И я начинаю горячо убеждать тебя, что тринадцать лет (точнее — четырнадцать, ведь к его приходу тебе уже будет четырнадцать) — это не такая уж большая разница. «Разве ты чувствуешь, что у нас с тобой разница двадцать пять лет? Разве эти двадцать пять лет мешают нам быть друзьями и жить общей жизнью?» — «Нет, конечно!»
…И вечером, перед сном, сидя рядом с тобой на диване, держа тебя за руку и глядя на огромную рыжую луну, висящую над самой лоджией (ты спишь на лоджии), я продолжаю убеждать тебя, что четырнадцать лет разницы — это не огорчение, а — благо. Я рассказываю тебе множество историй, когда брат и сестра были по-настоящему душевно и духовно близки именно благодаря большой разнице в возрасте.
— Представляешь, ты будешь для него (или для неё) проводником в этом мире! Самым главным авторитетом.

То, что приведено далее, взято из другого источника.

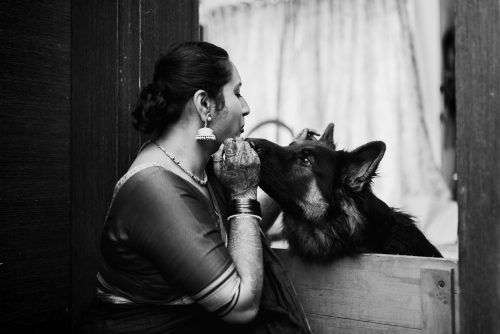 Bride sharing a quiet moment with her dog after intimate Marathi wedding in Pune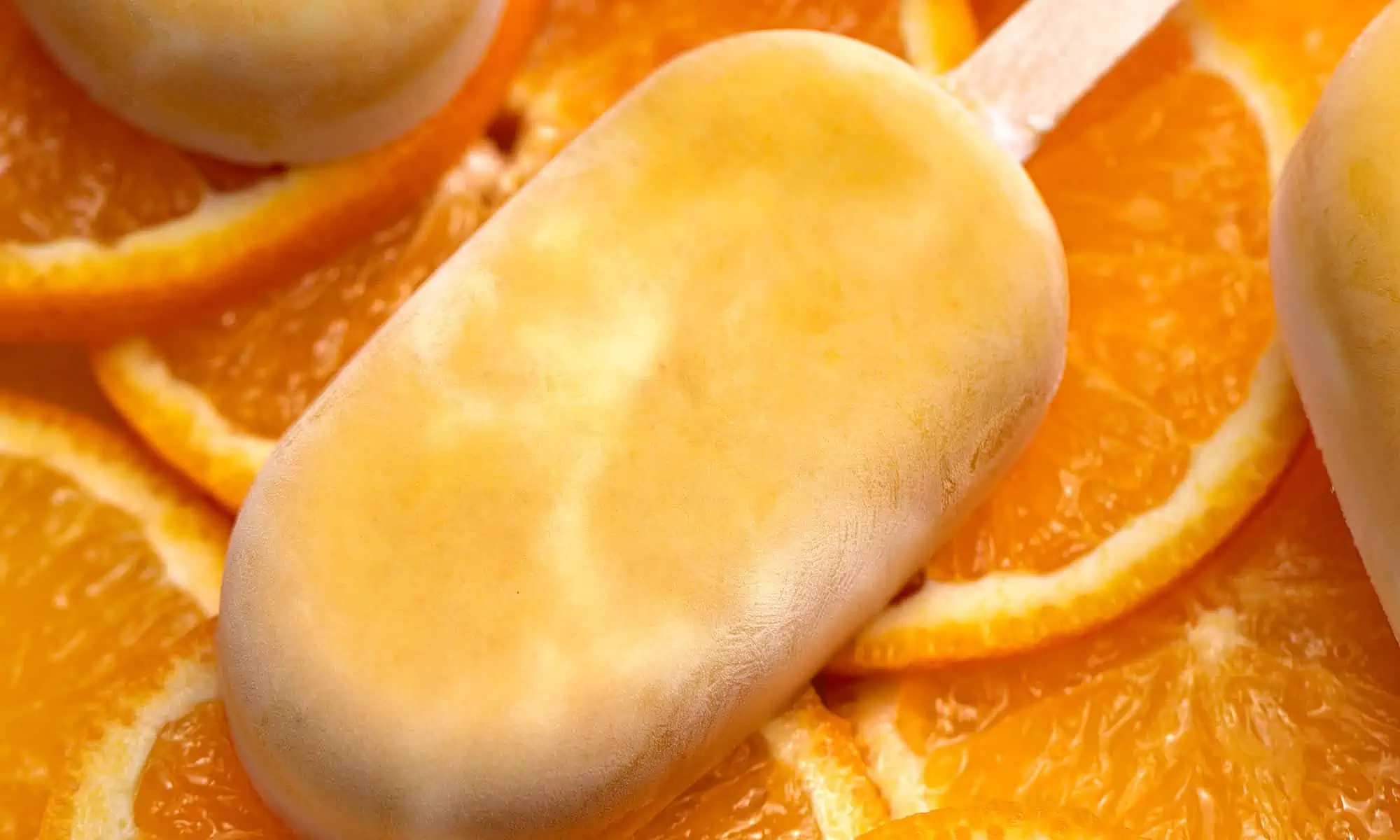 vegan creamsicle on sliced oranges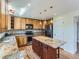 Well-lit kitchen featuring an island with granite counters, wooden cabinets, and modern appliances at 1674 Bent Grass Cir, Castle Rock, CO 80109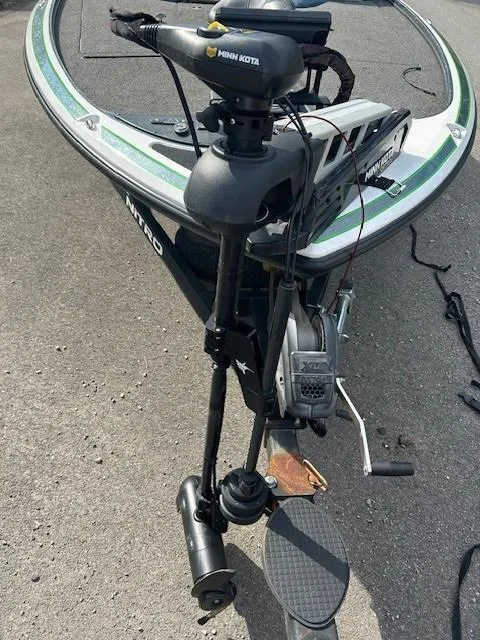 Slide: The Image of 2018 Nitro Z19 boat with Minn Kota trolling motor on a concrete surface. - 4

Господи, да я всю жизнь мечтала иметь такого брата, как ты! Сильного, умного, ничего не боящегося. Только мне было не дано… Ты, миленький, даже не осознаешь ещё, какая замечательная роль тебе уготована!
И ещё долго говорили мы… А луна, как красный китайский фонарик, огибала нашу лоджию, нежно подсвечивая виноградные лозы, ползущие по перилам. Твоё, такое детское в темноте, лицо.
Ты уснул успокоенный и ободрённый… Сегодня ты уснул не просто моим единственным сыном, а — старшим братом. Старшим братом того, кого мы отныне ждём не втайне от тебя — а вместе с тобой.
* * *
…Восемь месяцев не прекращается цветение в моём изголовье. На маленьком столике у постели.